Worm’s Head is a narrow, tidal island, joined by a causeway to a *promontory on the south side of Rhossili Bay, and it forms the westernmost point of the Gower Peninsula. Like the smaller island on the north side of the bay (Burry Holms), the headland is formed of relatively resistant carboniferous limestone; the intermediate rocks, along the three-mile bay, are softer Old Red Sandstone and hence these have eroded more quickly, leaving the exposed spurs at either side.

The promontory is a flat-topped area about 175 feet above the sea, at the level of an ancient beach, and is partly lined by cliffs but slopes down less steeply at the far side to a band of exposed rocks along the shoreline, separated at high tide by a quarter of a mile of open water from the island, which was so named due to its long, slender, serpentine outline, ‘wyrm’ being an ancient term for a dragon.

The island has four distinct sections — the nearest and largest is the Inner Head, an oval-shaped area rising up to 140 feet, connected by another rocky belt, occasionally breached by storm tides but otherwise above the high water mark, to the much smaller Lower Neck, which adjoins the Middle Head. These two are separated by Devil’s Bridge, a large, angular opening beneath a narrow strip of rock. The most distant section of the island, the Outer Head, is also the highest, ending at a small summit about 150 feet high.
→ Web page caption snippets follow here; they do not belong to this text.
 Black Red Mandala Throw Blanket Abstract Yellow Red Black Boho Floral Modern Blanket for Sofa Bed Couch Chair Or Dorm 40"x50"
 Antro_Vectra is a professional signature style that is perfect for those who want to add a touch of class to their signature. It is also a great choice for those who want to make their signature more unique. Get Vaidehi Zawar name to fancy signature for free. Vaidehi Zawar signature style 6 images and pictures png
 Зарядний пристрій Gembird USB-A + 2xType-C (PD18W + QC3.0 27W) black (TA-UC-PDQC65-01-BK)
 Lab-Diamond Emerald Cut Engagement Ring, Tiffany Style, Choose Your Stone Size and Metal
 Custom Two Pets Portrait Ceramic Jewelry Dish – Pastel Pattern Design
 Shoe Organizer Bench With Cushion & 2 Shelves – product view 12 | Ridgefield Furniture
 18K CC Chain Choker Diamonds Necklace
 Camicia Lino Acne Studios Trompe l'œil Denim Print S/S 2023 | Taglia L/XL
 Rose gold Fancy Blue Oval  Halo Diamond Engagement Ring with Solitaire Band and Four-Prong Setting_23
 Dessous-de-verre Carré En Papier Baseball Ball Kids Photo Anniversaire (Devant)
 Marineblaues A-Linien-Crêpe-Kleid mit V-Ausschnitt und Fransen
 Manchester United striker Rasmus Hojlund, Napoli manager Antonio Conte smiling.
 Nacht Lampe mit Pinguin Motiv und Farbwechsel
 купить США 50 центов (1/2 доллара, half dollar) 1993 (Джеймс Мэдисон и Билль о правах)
Like most of the island, Outer Head is bordered by sheer cliffs to the north but the south side is more gently sloping, and a wide band of intricately eroded limestone formations is revealed when the tide recedes, enhancing the already very photogenic scenery.

*promontory: a narrow area of high land that sticks out into the sea

Source: John Crossley. Worm’s Head, Swansea. UK Southwest. https://www.uksouthwest.net/swansea/worms-head/. Accessed: 5.1.2024. Adaptation: YTL.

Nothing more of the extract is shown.